I don’t think of those London years very often. Life passes so quickly that living in the now feels imperative. But being back in London with time on my hands 22 years after returning permanently to Australia, the memories came upon me in a flood.

It was late spring. The milky light and warm days made me languorous and nostalgic about those few years we spent living there. Personal memories about people, I find, are very attached to place. I’ve written before about how I find it hard to visualise my long-dead parents because they never visited our current home.

So it has been with my boy (can I truly still call him my boy now that he’s a very much alive 27-year-old, 196cm-tall motorcycle-riding man?). What I mean is, I can’t readily remember the emotional sense I had of parenting him when he was the child in that first day of school photograph.

He was accident-prone – born wriggling and wanting to run. Always hitting his head. Falling. Getting up. Falling again. Running towards danger. A risk-taker. But recall of him in the London years – when we, his parents, were both travelling constantly and serving early-morning and late-evening Australian newspaper deadlines – sometimes lacks definition and detail.

One afternoon recently I hopped on the tube and headed to my old neighbourhood. I planned to visit what was our grungy though welcoming local for a drink. Alas it had transformed into a hyper-expensive steak joint and, even though it was empty, I couldn’t sit and order a drink without also paying extortionately for some Argentinian beef.

I wandered to the nearby common with its perilously steep bitumen path. I felt the trepidation I always experienced when watching the boy careen down it on his scooter always narrowly missing (except when he painfully collected it) the Victorian-era metal bollard at the bottom.

And then there we were, walking hand-in-hand along the high street in the sleet and wind while he fought to stay awake (he developed the weird ability as a four-year-old to sleep lightly while he walked holding my hand).

I walked past what we called the Billy Goat’s Gruff park where one of us would play the troll under the bridge while he traversed the little wooden bridge above. It’s how we met the “weather lady”, a kind woman, in her early 60s back then, who talked endless about the grim winter. She gave our boy a pair of mittens because she was worried about his cold antipodean hands.

I wandered down our old nearby street. Stopped opposite our former home, right about where someone was stabbed 20-something years ago while I cooked dinner inside.

There was the boy on the step, ready for school. And suddenly I could recall how it felt to be me back inside the house.

Memories, disjointed but vivid, competed for attention. That first real summer day when the boy’s desire to celebrate the season was so vivid he stripped off all his clothes, as he routinely did in Australia, and ran into the back yard. Later, him sitting on the back step, still buck naked, eating watermelon and spitting pips into the garden.

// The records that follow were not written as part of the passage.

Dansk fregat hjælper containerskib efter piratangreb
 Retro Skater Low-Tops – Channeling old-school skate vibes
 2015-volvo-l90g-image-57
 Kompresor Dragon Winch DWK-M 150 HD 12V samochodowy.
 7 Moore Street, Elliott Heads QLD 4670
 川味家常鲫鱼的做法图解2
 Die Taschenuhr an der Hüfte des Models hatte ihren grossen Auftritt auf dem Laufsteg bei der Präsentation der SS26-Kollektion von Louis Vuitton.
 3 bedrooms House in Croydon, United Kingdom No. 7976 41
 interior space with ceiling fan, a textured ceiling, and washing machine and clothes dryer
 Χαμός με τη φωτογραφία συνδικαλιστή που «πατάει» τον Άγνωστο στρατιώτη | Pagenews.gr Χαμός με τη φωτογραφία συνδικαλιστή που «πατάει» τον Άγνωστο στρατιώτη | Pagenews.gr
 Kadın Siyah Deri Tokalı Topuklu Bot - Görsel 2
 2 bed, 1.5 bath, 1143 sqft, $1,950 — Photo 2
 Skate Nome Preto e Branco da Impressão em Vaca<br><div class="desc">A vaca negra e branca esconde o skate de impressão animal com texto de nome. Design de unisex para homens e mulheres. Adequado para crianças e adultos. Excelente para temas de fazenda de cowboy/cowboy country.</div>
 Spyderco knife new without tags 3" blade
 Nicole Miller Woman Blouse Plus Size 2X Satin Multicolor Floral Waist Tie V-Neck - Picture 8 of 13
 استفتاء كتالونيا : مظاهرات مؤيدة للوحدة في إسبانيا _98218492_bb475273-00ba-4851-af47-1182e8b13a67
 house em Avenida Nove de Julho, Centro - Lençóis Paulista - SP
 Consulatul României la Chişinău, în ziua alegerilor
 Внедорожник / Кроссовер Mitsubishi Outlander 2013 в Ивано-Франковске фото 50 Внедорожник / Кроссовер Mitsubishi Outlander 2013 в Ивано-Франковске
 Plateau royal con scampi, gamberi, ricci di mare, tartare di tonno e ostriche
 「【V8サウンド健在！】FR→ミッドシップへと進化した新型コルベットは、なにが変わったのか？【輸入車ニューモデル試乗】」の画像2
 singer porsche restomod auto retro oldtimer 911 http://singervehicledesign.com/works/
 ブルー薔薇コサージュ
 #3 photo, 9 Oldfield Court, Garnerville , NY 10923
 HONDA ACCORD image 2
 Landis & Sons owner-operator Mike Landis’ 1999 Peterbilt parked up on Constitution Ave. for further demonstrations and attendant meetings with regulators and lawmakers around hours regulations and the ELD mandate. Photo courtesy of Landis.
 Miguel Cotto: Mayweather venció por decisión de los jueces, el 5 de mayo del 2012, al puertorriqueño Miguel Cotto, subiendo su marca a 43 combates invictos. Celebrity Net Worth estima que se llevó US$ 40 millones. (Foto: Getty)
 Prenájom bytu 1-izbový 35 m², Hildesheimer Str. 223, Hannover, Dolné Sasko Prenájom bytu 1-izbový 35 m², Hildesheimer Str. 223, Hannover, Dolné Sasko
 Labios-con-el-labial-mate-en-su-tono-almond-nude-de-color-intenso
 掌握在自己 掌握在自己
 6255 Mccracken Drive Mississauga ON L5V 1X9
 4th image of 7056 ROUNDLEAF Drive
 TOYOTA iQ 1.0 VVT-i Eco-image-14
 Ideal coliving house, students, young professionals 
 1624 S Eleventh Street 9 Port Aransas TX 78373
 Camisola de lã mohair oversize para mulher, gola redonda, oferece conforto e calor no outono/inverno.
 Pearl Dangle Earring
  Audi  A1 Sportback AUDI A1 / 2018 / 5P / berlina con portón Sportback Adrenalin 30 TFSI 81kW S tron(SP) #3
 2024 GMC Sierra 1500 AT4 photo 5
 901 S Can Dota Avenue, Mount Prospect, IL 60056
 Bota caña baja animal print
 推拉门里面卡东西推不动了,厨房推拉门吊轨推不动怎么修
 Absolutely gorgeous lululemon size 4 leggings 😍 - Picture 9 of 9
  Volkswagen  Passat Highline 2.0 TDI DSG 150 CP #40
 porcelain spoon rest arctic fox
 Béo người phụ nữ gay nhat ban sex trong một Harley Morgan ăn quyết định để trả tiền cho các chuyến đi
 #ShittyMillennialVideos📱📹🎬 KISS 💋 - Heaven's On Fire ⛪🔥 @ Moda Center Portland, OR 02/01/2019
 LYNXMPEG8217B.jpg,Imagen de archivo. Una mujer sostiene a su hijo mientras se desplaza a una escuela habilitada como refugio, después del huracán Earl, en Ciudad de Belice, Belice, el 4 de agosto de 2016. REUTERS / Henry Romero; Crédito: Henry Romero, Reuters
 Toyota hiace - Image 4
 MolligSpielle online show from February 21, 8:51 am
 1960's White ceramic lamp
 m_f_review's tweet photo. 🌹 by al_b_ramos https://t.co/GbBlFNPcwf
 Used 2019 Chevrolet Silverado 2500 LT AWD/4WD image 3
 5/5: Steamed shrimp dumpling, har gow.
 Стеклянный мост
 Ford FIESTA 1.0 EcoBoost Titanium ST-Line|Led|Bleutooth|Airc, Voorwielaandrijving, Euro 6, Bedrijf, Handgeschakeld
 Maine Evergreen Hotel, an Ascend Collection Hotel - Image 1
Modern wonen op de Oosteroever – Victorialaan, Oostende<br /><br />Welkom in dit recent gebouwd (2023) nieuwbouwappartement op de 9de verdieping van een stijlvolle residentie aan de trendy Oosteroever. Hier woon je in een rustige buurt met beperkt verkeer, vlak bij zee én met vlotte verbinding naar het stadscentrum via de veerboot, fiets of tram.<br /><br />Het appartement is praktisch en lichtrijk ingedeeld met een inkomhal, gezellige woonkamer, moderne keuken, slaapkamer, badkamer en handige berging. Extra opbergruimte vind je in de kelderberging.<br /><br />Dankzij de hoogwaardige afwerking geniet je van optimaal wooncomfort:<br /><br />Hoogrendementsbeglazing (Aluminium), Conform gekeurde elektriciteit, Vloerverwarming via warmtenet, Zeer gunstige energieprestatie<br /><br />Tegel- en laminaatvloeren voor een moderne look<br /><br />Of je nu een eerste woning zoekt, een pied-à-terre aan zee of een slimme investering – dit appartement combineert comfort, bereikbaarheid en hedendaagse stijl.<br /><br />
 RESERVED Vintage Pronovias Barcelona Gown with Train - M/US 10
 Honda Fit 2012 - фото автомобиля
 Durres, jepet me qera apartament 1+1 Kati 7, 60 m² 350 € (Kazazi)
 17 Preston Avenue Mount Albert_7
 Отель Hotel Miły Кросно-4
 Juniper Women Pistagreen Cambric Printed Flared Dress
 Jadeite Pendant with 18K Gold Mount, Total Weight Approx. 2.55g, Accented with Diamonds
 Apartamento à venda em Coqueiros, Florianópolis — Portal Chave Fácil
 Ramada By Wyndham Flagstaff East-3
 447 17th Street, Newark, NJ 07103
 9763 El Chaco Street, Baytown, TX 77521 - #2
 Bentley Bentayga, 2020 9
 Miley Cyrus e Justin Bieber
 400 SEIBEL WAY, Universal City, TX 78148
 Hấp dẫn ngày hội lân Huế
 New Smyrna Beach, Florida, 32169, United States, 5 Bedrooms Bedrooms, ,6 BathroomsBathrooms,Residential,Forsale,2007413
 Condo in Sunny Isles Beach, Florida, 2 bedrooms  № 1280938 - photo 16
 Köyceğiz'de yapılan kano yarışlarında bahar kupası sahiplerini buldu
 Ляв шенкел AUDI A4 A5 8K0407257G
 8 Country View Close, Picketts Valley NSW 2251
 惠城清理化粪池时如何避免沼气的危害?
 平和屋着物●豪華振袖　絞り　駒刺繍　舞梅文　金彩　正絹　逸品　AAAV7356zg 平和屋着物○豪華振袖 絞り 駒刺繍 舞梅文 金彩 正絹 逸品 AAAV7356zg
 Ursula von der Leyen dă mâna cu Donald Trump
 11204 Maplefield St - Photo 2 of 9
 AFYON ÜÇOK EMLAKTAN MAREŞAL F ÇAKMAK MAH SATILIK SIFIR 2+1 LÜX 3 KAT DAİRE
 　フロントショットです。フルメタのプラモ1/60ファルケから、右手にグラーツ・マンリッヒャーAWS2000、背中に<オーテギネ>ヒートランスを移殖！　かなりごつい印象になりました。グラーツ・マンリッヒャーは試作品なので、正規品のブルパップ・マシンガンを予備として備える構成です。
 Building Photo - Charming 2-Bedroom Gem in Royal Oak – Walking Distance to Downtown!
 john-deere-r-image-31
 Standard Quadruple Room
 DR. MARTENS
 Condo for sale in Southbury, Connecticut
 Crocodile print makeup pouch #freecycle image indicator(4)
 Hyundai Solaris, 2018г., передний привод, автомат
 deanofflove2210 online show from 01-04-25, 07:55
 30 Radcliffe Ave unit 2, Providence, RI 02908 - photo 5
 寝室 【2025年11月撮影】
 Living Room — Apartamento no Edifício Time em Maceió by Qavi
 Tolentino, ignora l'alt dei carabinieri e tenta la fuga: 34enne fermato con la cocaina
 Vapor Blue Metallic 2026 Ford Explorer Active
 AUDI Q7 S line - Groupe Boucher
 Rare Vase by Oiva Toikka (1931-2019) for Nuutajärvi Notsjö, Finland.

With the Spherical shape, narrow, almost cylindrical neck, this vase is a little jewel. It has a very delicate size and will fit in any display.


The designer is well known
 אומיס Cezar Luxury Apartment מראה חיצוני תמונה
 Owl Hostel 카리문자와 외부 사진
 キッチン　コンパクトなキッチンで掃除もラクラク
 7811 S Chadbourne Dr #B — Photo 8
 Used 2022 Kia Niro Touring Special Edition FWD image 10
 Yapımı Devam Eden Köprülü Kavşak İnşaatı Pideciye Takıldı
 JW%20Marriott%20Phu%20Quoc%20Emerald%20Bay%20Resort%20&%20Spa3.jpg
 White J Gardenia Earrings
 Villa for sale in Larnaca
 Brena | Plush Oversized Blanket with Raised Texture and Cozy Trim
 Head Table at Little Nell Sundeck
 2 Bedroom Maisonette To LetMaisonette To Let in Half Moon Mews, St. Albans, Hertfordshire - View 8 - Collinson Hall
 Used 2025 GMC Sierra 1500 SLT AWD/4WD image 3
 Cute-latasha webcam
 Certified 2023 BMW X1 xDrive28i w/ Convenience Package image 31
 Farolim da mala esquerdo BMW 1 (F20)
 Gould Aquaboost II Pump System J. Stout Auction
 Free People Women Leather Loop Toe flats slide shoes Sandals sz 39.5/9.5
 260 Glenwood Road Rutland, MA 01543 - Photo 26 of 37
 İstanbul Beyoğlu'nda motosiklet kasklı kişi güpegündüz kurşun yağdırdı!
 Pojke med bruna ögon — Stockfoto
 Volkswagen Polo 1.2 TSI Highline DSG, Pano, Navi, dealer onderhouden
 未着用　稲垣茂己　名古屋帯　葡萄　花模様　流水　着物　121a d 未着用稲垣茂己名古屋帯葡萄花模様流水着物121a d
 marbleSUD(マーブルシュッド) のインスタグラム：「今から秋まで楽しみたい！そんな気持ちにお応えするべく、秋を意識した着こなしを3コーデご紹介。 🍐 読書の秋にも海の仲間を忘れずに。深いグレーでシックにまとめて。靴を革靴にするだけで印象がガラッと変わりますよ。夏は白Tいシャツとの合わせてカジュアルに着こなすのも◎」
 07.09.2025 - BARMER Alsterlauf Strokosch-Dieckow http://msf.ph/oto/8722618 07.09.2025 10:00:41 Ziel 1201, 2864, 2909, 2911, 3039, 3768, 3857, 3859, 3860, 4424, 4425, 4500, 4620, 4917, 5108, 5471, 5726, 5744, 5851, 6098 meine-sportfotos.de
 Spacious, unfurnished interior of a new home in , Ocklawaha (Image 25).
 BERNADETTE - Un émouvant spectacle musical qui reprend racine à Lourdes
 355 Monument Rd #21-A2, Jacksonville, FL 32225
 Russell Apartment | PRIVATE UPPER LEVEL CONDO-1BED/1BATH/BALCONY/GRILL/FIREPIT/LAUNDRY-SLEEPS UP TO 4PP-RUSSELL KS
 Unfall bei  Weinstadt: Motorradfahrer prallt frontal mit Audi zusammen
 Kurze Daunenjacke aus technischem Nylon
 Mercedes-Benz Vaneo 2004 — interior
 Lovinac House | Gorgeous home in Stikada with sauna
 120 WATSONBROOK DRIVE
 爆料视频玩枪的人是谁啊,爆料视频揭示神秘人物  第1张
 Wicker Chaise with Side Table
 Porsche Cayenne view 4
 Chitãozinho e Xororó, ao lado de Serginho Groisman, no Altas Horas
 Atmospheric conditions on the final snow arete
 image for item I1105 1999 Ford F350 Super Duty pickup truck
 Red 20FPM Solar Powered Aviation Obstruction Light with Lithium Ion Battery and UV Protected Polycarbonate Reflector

Next, him sitting on the carpeted bottom step of the internal staircase on the eve of his third birthday. He was weeping uncontrollably. Inconsolably. Had something terrible happened? Was he afraid?

No. He confided that he was devastated that this was his final day as a two-year-old and he would never ever be two again – and he wanted to remember, to cling on to forever, the “feeling of being two”.

He had few friends back then. We’d arrived on a bitterly cold New Year’s Day. We knew nobody in the neighbourhood. We made the most of his third birthday party: the neighbours and their kid from one side and the much older couple from the other (they were probably my age now at the time) came to sing Happy Birthday.

The kind weather lady came. With a present of course.

I left our old street and went to a cafe. Wrote this all down. I’ve never been cheaply sentimental or overly prone to nostalgia. But the feelings this day were a lot.

Snap out of it. I headed back to the tube. And there, on the other side of the road, hunched almost double over her shopping buggy, was the weather lady.

That’s when I really felt time’s arrow.